Notably, the authors critically extend this prior work by conditioning the substance use disorder phenotypes on indices of more normative substance use: measures of drinks per week, lifetime tobacco use, and lifetime cannabis use. This allowed the authors to characterize genetic overlap between substance use problems independent of consumption. The factor structure of these clinical phenotypes was markedly similar after accounting for the genetics of normative substance use—with one exception. The factor loading for problematic alcohol use was substantially lower in this conditional model, which may be due to the strong genetic correlation between alcohol consumption and problematic alcohol use [5].

Next, the authors fit structural regression models in which the latent genetic factor of addiction was simultaneously regressed onto the genetic components of theoretically relevant phenotypes. In one model, addiction was simultaneously regressed onto risk-taking, executive functioning, and neuroticism (corresponding to the stages of binge/intoxication, preoccupation/anticipation, and withdrawal/negative affect purported to underlie addiction), and significant genetic associations with all predictors were found in the expected direction. Although these associations remained significant after covarying for indices of normative substance use, they did not fully explain the latent genetic factor of addiction in either model. The results therefore provide partial support for the three-stage model of addiction while highlighting that a significant proportion of the genetic etiology of addiction is not explained by these constructs.

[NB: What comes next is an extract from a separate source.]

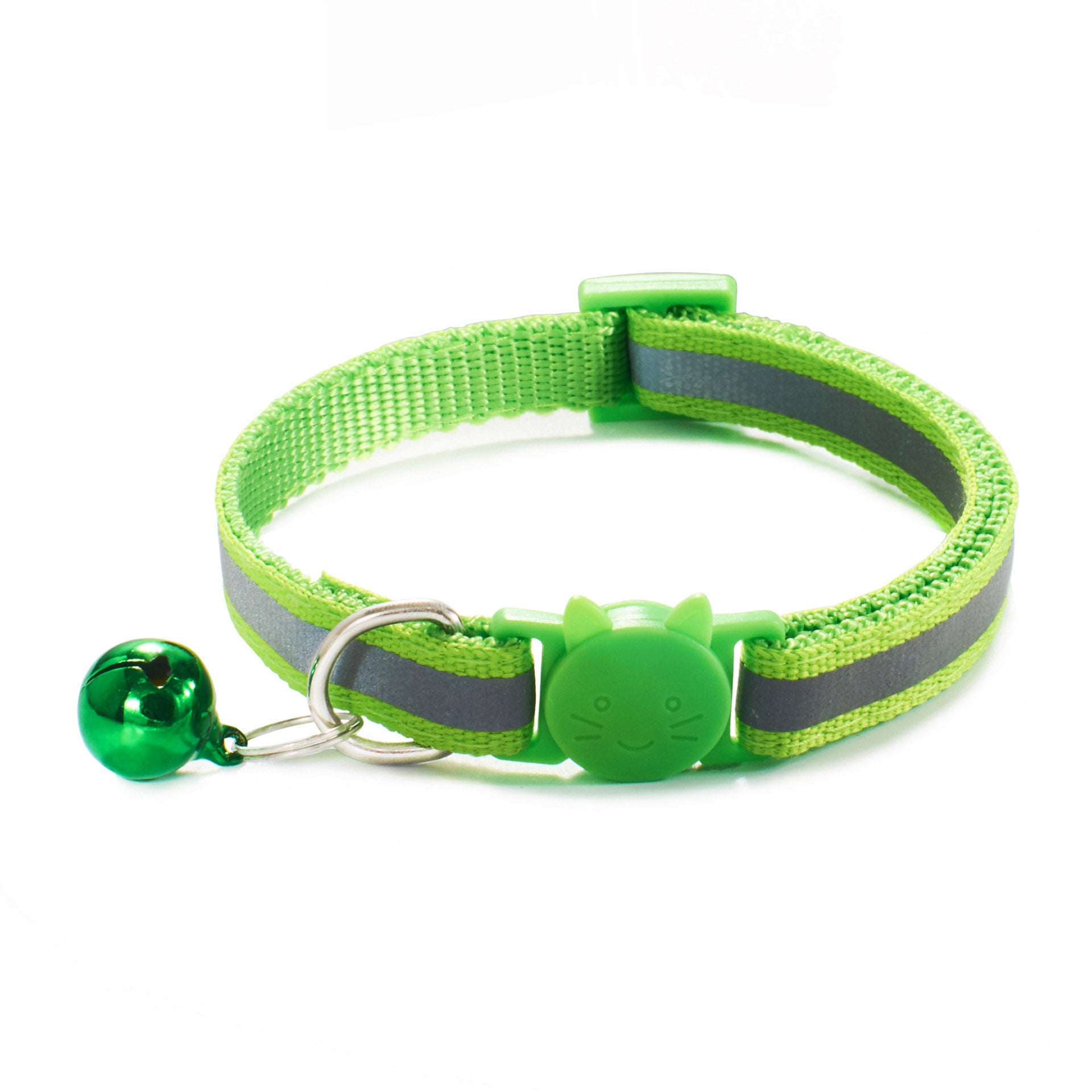 Collier Chat Sécurité Réfléchissant Coloré – Avec Clochette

The latent genetic factor of addiction was also regressed onto three latent genetic factors of psychopathology—compulsive disorders, psychotic/mood disorders, and neurodevelopmental disorders—as previously modeled in the literature [1]. Here, significant genetic associations between addiction and all predictors were again observed, where neurodevelopmental and compulsive disorders represented the strongest and weakest predictors, respectively. Interestingly, the genetic association between the addiction and compulsive disorders factors was negative, and after accounting for normative substance use, it was non-significant. This suggests that disorders characterized by addiction and compulsivity may be influenced by distinct genetic factors—at least as currently modeled.

Overall, Hatoum et al. generate novel insights into the shared genetic etiology of substance use disorders and their interplay with other complex traits. While questions about the specific nature of this etiological overlap remain, these findings complement contemporary studies, such as a large multivariate GWAS of the “externalizing” spectrum [3] and an examination of how substance use disorders fit into the broader factor structure of psychopathology [4].

Findings from these recent genome-wide studies compel us to take a broader view of substance use disorders. While substance-specific pathways remain important to study, a growing literature now implicates diverse, developmentally-relevant pathways in the etiology of multiple substance use disorders. Results like those reported in this issue shed new light on the genetic correlates of addiction, and they have great potential to usher in a new age of biomedical investigation for one of society’s most devastating problems.